START Entries provided

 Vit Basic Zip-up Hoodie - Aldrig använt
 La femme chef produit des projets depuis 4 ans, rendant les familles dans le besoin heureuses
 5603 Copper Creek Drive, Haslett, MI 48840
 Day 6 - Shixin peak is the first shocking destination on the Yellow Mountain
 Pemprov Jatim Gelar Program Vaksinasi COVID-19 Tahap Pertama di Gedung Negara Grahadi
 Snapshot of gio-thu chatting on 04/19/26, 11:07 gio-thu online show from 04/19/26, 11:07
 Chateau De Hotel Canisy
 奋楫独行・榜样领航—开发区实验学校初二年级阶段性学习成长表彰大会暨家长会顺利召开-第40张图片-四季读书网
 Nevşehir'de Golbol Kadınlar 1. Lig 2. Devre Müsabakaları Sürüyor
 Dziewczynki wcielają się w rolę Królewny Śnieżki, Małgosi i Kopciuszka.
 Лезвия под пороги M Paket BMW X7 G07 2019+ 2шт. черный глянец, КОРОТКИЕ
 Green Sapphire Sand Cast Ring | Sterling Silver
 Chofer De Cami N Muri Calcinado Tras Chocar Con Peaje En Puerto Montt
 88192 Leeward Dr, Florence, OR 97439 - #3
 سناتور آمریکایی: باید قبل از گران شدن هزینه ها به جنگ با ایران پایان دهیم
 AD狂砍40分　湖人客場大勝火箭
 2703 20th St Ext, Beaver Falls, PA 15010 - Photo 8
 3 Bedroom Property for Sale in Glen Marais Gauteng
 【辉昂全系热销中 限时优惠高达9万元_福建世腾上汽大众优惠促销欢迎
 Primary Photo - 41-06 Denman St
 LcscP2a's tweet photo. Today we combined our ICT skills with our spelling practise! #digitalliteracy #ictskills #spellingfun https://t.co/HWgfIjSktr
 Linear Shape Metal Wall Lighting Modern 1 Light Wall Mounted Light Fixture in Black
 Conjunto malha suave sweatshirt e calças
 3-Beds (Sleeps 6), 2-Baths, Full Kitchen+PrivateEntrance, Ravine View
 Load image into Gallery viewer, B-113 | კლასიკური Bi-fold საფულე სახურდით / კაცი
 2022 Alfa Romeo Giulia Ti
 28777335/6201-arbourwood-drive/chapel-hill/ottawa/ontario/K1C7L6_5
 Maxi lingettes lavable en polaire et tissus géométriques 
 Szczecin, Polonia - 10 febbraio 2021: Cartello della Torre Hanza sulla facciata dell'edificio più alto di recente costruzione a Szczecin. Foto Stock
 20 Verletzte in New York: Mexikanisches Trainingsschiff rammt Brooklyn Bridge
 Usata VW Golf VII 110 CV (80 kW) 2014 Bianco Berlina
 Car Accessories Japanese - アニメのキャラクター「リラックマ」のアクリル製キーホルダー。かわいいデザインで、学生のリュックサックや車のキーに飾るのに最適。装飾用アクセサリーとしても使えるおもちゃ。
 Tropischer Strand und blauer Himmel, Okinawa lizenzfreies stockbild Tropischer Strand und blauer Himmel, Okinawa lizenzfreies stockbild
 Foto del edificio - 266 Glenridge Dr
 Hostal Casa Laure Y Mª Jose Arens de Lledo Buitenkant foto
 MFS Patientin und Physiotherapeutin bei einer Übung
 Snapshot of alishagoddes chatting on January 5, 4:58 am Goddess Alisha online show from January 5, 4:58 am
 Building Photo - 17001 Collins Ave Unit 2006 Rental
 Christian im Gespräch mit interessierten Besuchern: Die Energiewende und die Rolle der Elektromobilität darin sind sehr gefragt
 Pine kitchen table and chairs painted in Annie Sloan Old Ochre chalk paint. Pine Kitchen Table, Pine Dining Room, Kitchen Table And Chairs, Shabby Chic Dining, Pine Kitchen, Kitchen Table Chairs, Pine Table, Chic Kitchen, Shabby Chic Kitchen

END Entries provided

Wherever the word "show" turns up in a line of the entries above, copy that line.

 Snapshot of gio-thu chatting on 04/19/26, 11:07 gio-thu online show from 04/19/26, 11:07
 Snapshot of alishagoddes chatting on January 5, 4:58 am Goddess Alisha online show from January 5, 4:58 am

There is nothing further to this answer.